**TASK TO COMPLETE**
Lines to return, exactly: from the line with "Alfombra Ajedrez - 1.50" to the line with "Load image into" in the entries below, both included.

====== GIVEN INFORMATION ======

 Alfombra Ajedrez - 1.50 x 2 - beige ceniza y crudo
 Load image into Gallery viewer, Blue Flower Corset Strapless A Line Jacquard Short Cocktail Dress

======
====== GIVEN INFORMATION ======

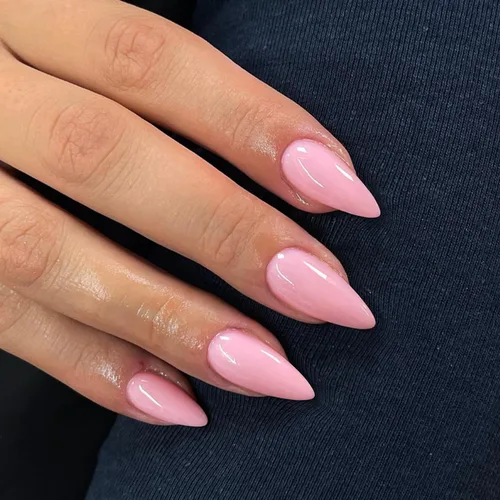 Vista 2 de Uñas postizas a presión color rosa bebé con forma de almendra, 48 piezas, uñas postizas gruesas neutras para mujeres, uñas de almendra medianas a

======

**TASK RESPONSE**
 Alfombra Ajedrez - 1.50 x 2 - beige ceniza y crudo
 Load image into Gallery viewer, Blue Flower Corset Strapless A Line Jacquard Short Cocktail Dress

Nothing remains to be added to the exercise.